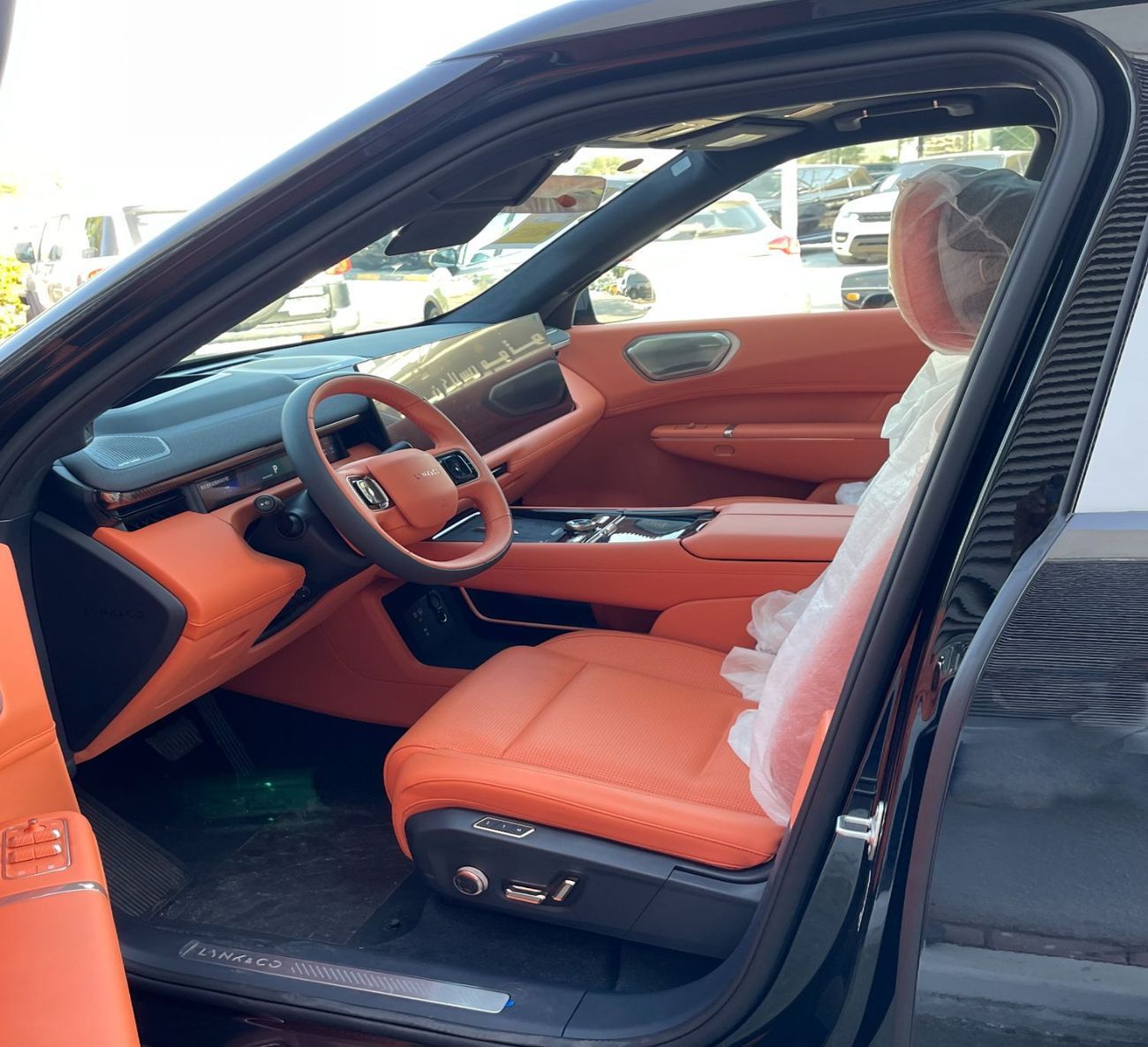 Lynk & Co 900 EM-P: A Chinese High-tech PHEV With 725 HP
· · · ·
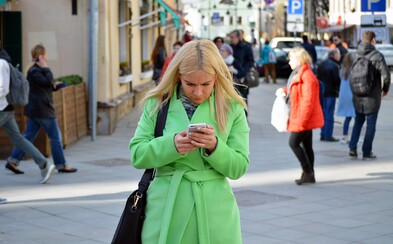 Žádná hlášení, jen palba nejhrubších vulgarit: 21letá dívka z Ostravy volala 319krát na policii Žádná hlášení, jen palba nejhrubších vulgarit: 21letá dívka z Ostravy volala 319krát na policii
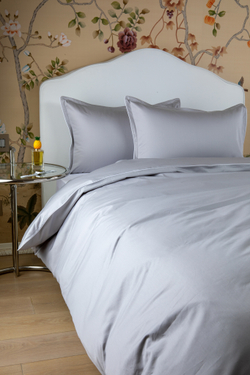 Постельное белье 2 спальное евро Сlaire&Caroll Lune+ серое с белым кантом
· · · ·
What's needed is an exact copy of the lines above from the one with "na policii Žádná" through the one with "Постельное белье 2", both included; the pictures stay out.

 Žádná hlášení, jen palba nejhrubších vulgarit: 21letá dívka z Ostravy volala 319krát na policii Žádná hlášení, jen palba nejhrubších vulgarit: 21letá dívka z Ostravy volala 319krát na policii
 Постельное белье 2 спальное евро Сlaire&Caroll Lune+ серое с белым кантом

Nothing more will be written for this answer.